In Devanagari, the script used for Hindi, vowels have two shapes: an independent form used at the start of a syllable, and a dependent form — the matra (मात्रा) — used when the vowel follows a consonant. This reference lists every Hindi vowel in both forms and shows the matra applied to the consonant क (ka) as a concrete worked example, so you can see exactly how each vowel sign attaches.
How it works
Each Devanagari consonant carries an inherent short a vowel. So क on its own already reads ka.
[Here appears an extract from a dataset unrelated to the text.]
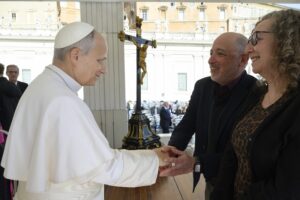 Greeting Pope Leo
To write any other vowel after the consonant you add that vowel’s matra:
- आ → ा gives का (kā)
- इ → ि gives कि (ki) — note the sign sits before the consonant
- ई → ी gives की (kī)
- उ → ु gives कु (ku)
- ए → े gives के (ke)
The matra ि for short i is unique: even though the sound is pronounced after the consonant, the sign is drawn to the left of it. To strip the inherent vowel entirely you use the halant/virama: क् is a bare k.
Example and tips
The word किताब (kitāb, “book”) shows the left-placed i-matra in action: क + ि → कि, then त + ा → ता, then ब. Reading order and visual order differ only for that one matra, which is the classic stumbling block for beginners. Use the chart to drill the mapping between independent vowels and their matra signs, and click any cell to copy the glyph or its Unicode code point.